# [SOLVED]Logical error in Spivak's Calculus?

#### nimon

##### New member
Yes I am another plucky young fool who decided to self study Spivak. I think I have found an error in his section on conic sections, but Spivak is seldom wrong and I want to be sure I'm thinking straight.

Let $C$ be a cone generated by a line of gradient $m$ which goes through the origin. Then $(x,y,z)$ is on $C$ if $$(1) \qquad z = \pm m \sqrt{ x^{2} + y^{2} }.$$

Let $P$ be a plane which intersects with the cone and whose intersection with the $xy$-plane is a line parallel to the $y-$ plane. Thus, the intersection of $P$ with the $xz$-plane is a line: $L$, say. Supposing $L$ to have gradient $M$ and $z$-intercept $B$, the line $L$ can be described by the equation $$(2) \qquad z = Mx+B.$$

All is right and well. But then he says 'combining $(1)$ and $(2)$, we see that (x,y,z) is in the intersection of the cone and the plane if and only if $$Mx+B = \pm m \sqrt{ x^{2} + y^{2} }.$$

I understand why, if $(x,y,z)$ is in the intersection, then $(1) = (2),$ but why, is the converse true? Surely we can find an infinite number of points where the equations are equal, but $z$ could be any number and the point not on either plane.

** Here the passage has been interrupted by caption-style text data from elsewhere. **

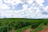 A vast agricultural field with rows of lush green plants extends into the horizon under a partly cloudy sky.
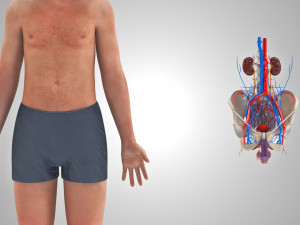 Male Reproductive with Urinary System Model 3D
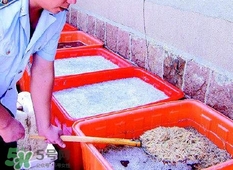 福爾馬林對人體有什么傷害？如何去除食物中的福爾馬林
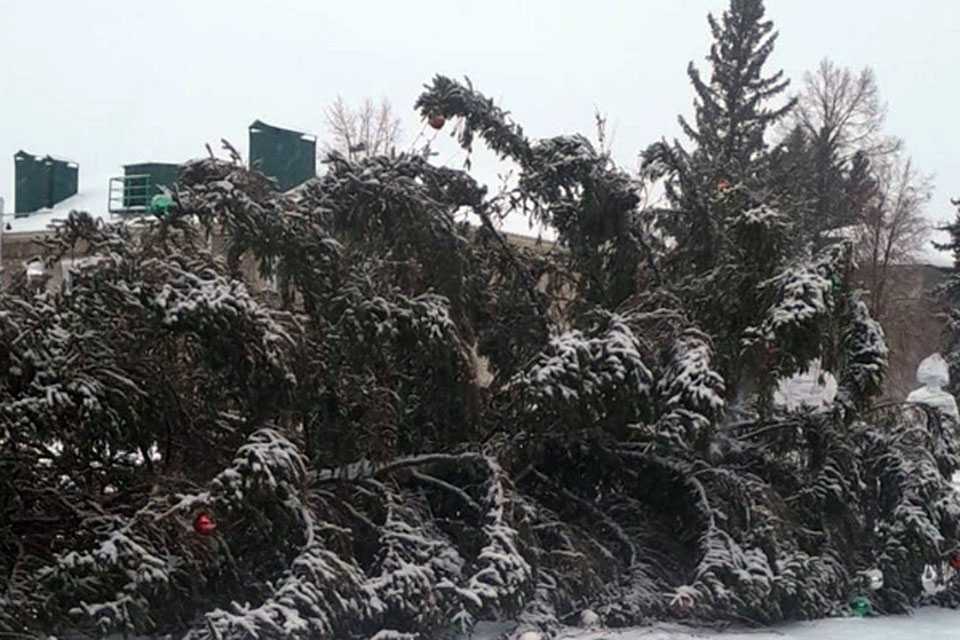В Башкирии перед зданием администрации упала новогодняя елка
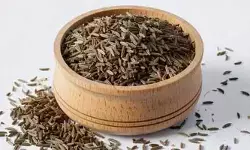 अगहन मास में जीरा खाना वर्जित, जानिए क्या कहती हैं पुराण और परंपराएं?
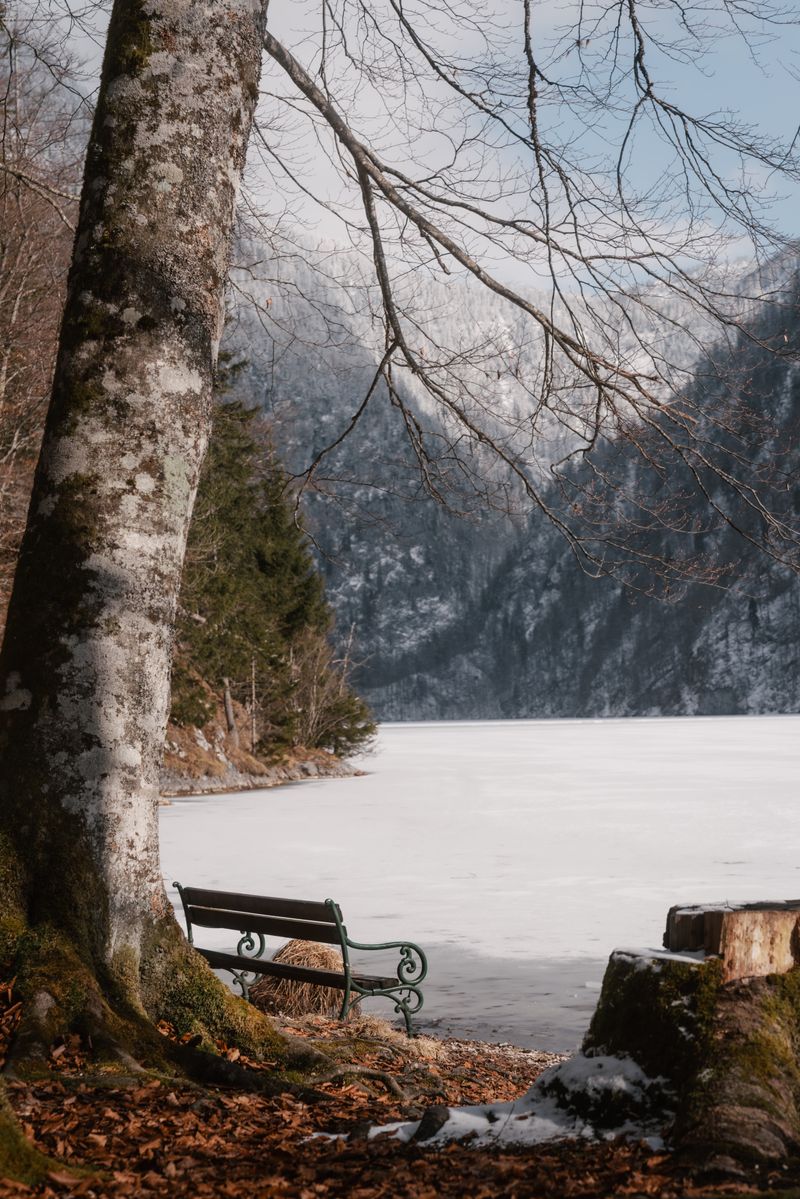 Tranquil winter view of a frozen lake and empty bench surrounded by nature in Grundlsee, Austria.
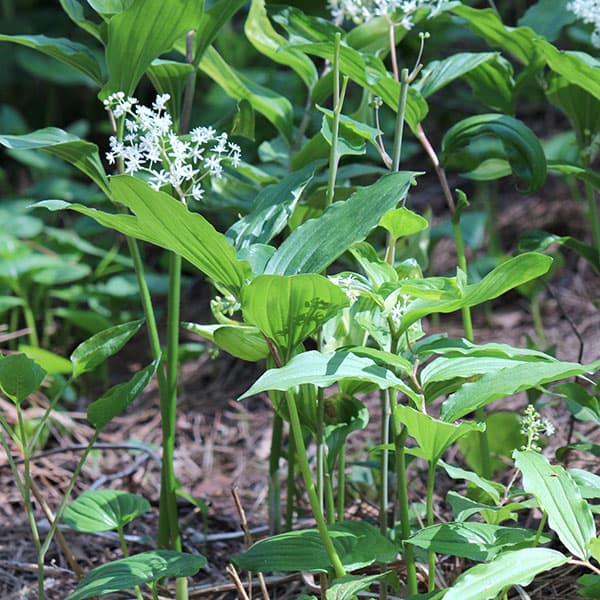 ユキザサ（雪笹・アズキナ）3-3.5号ポット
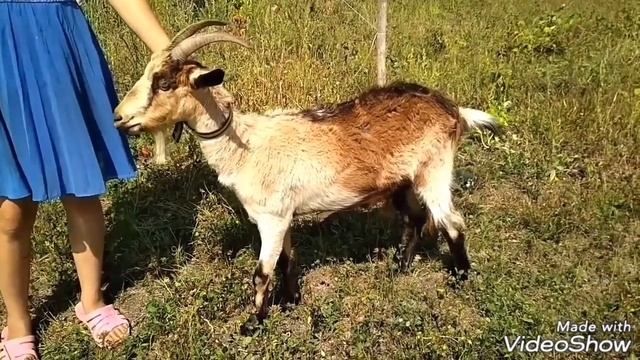 Объявление про коз смотреть онлайн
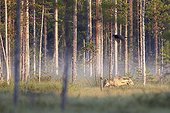 Grey wolf and common raven in a clearing - Oulu - Finland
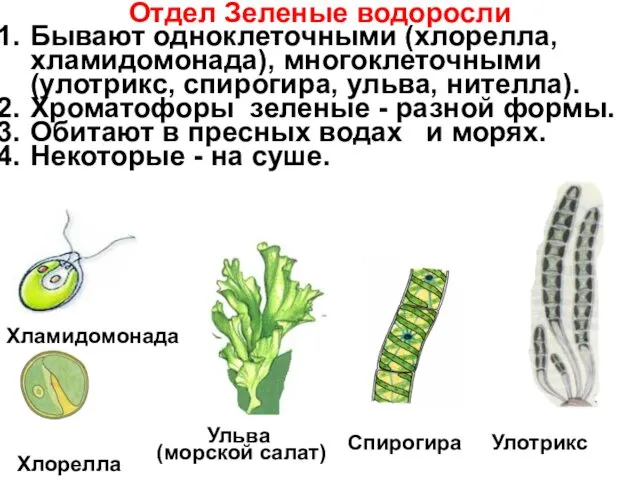 Отдел Зеленые водоросли Бывают одноклеточными (хлорелла, хламидомонада), многоклеточными (улотрикс, спирогира,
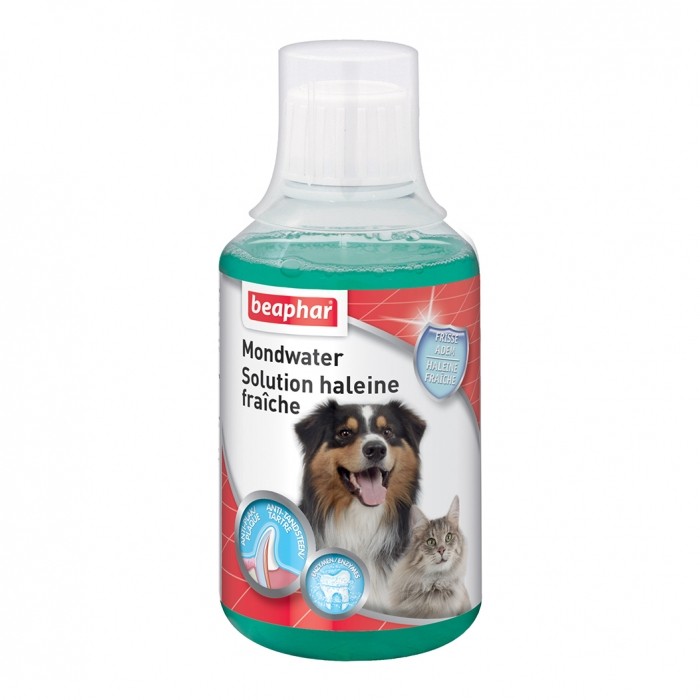 Buccafresh Solution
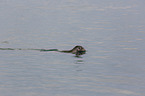schwimmender Seehund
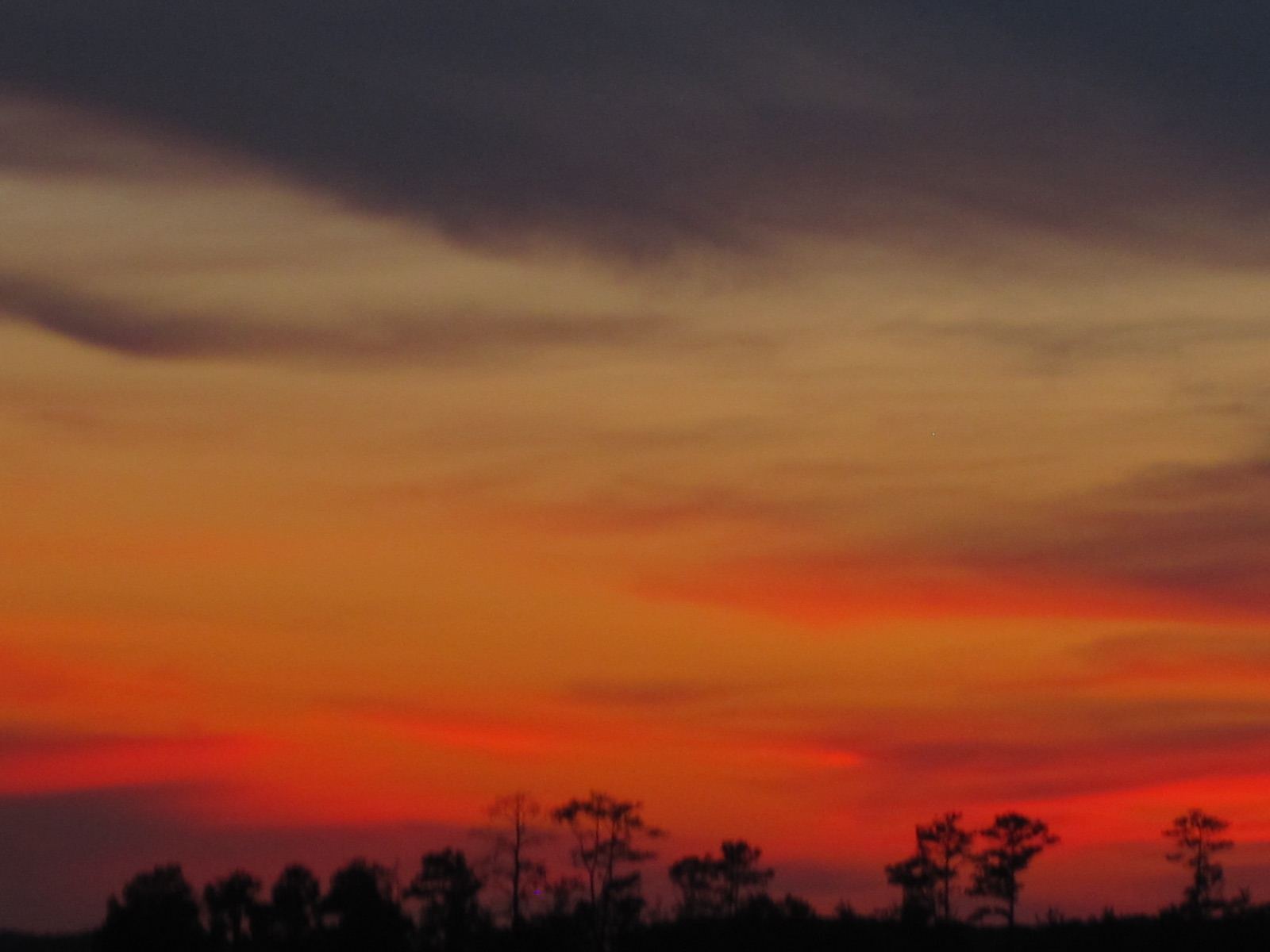 Sunset over a coastal georgia marsh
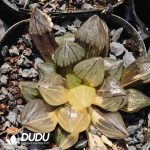Haworthia magnifica v.atrofusca variegated - Image 2
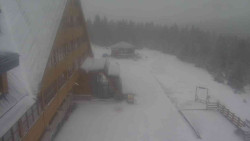 Parkoviště a hlavní vchod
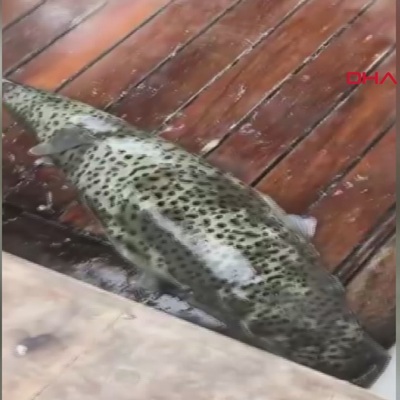 Zehirli ve ağırlığı 5 kilo! Antalya sahilini sardı!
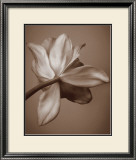 Buy Moonlight Tulip at AllPosters.com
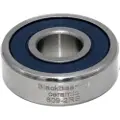 BLACK BEARING Ceramic Lager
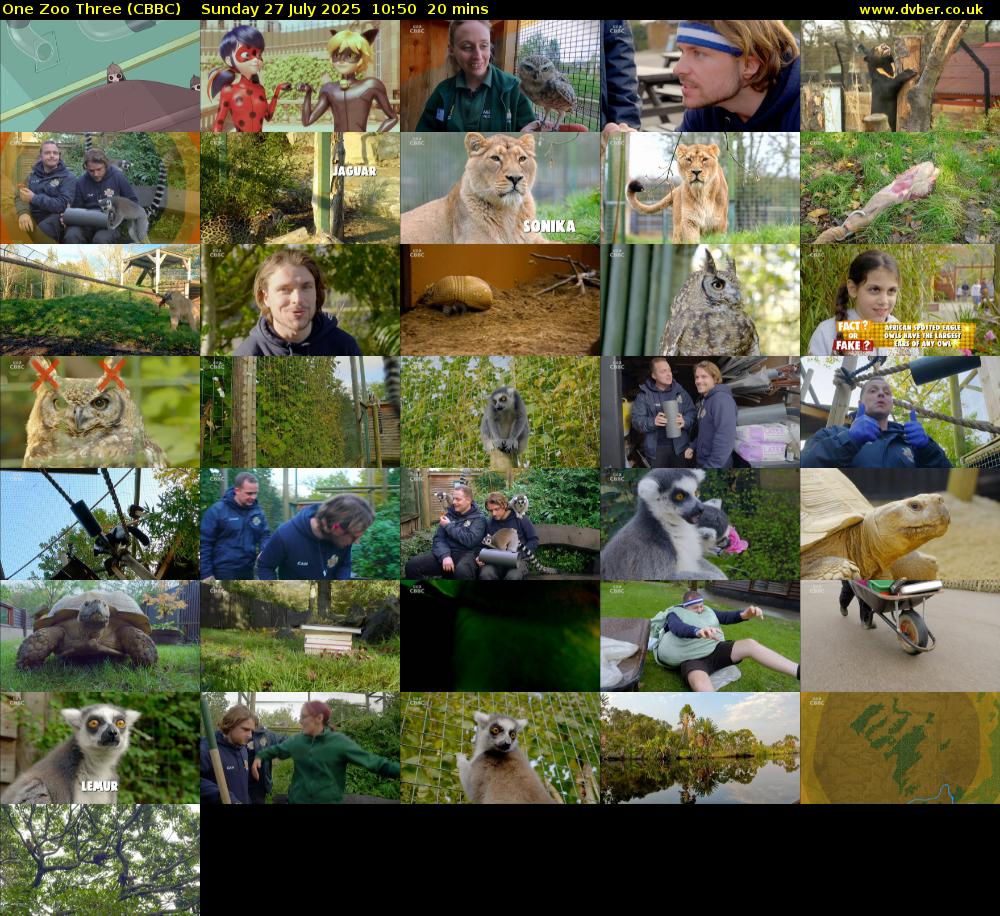 One Zoo Three (CBBC) Sunday 27 July 2025 10:50 - 11:10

He doesn't first assume that the point is already on $C$ or $P,$ just that it is in $\mathbb{R}^{3},$ and I haven't missed anything in his argument out. Am I just being thick, or do I have a point?

#### Deveno

##### Well-known member
MHB Math Scholar
the point is, if you "eliminate $z$" you are left with a quadratic equation of $x,y$ in the $xy$-plane. what happens in the 3 cases:

$M^2-m^2 > 0$
$M^2-m^2 = 0$
$M^2-m^2 < 0$?

not "all points" $(x,y)$ are going to satisfy:

$\{(x,y) \in \Bbb R^2: Mx + B = \pm m\sqrt{x^2 + y^2}\}$

when $M,m,B$ are fixed before-hand.

if we pick such an $(x,y)$, this completely determines $(x,y,Mx+B)$ yes?

#### nimon

##### New member
Thank you for your post. Whilst I don't disagree with anything you have said, I still have a problem accepting the proposition: $$Mx+B = \pm m \sqrt{ x^{2} + y^{2} } \Rightarrow (x,y,z) \in P \cap C.$$ In fact, suppose $(x,y,z) \in P \cap C,$ then by that very proposition it follows that $(x,y,z+1) \in P \cap C$ which, among other things, contradicts the assumption that $C$ is a cone.

I think I have concluded that this is really an error, at least in exposition. He should have made it clear that it is assumed that $(x,y,z)$ has the form $(x,y,Mx+B)$ in which case the proposition definitely holds.